→ Exercise aim: Of the material below, only the lines from the line containing "Green lime vector" down to the line containing "193722ljexetx91e1bx7x0.png" belong in the answer, written out exactly.

→ Working data:

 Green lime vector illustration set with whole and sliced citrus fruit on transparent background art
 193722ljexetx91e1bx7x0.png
* * *
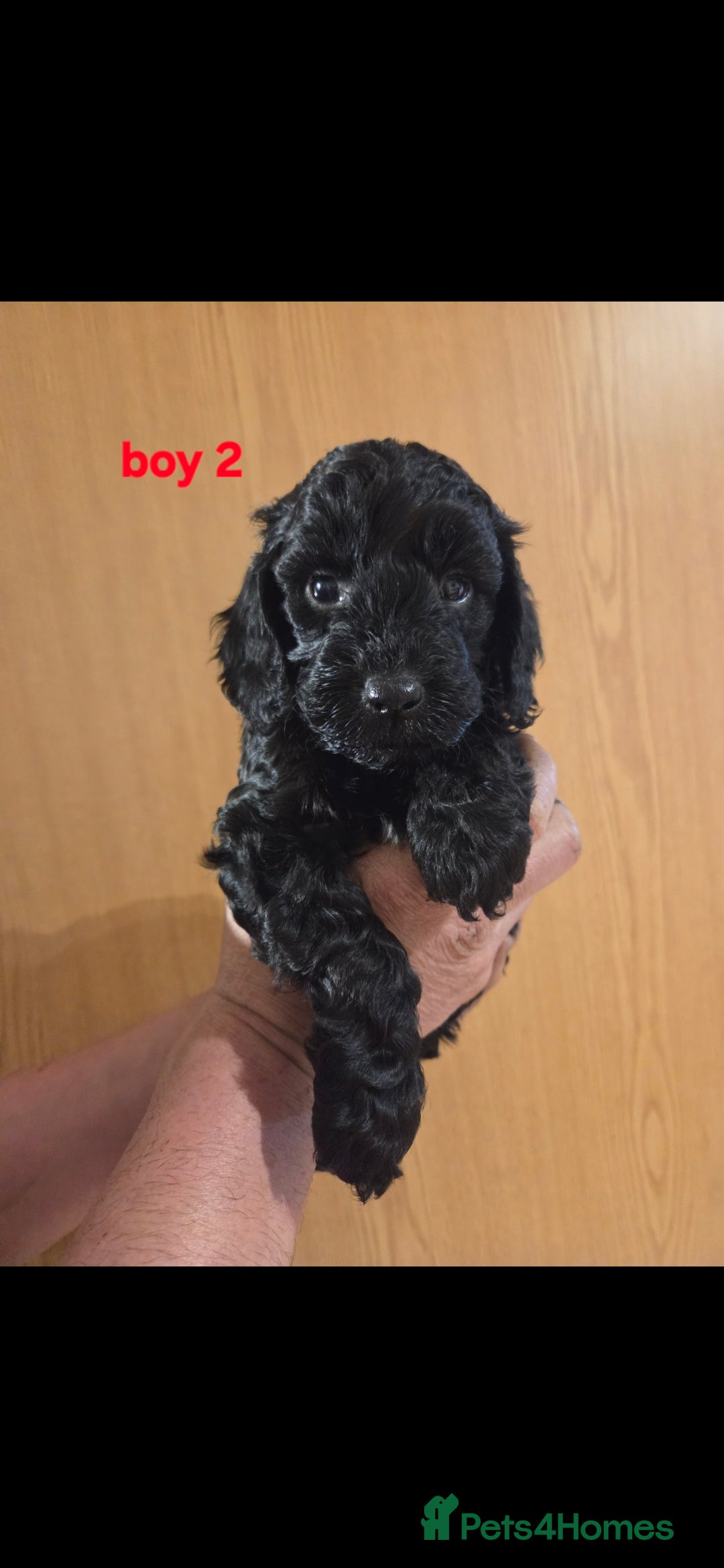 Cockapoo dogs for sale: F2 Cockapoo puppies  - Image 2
--
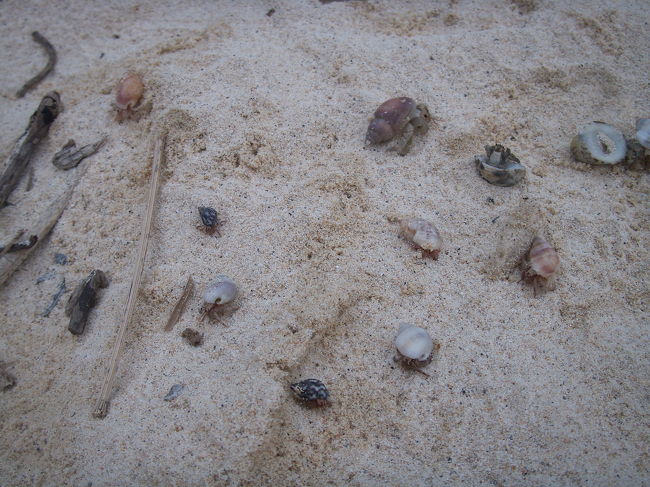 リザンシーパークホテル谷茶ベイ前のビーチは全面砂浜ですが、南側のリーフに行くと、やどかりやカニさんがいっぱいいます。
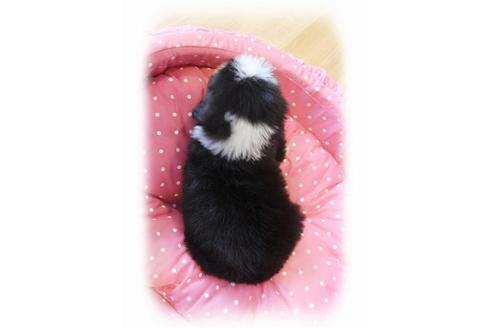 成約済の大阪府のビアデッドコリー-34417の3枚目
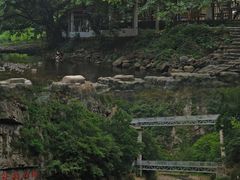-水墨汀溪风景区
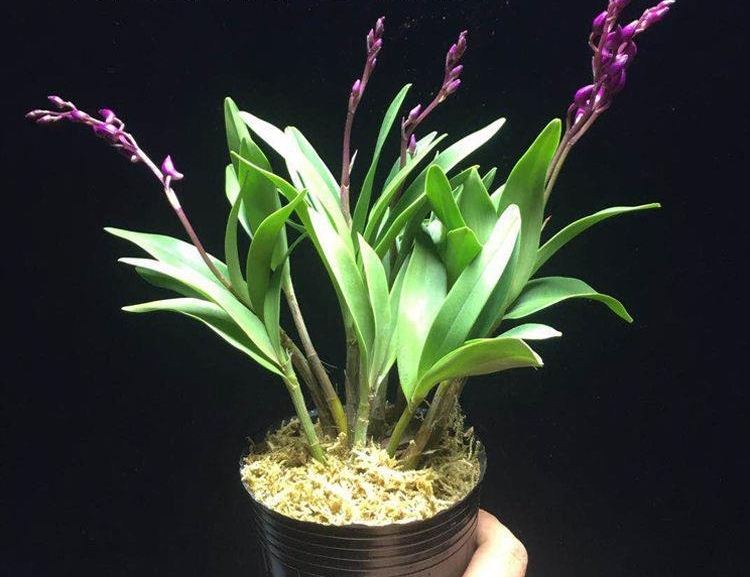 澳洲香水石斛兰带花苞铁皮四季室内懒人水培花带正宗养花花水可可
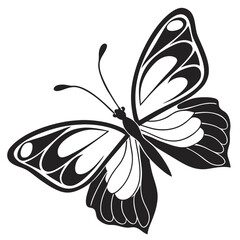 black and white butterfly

→ Output for this exercise:
 Green lime vector illustration set with whole and sliced citrus fruit on transparent background art
 193722ljexetx91e1bx7x0.png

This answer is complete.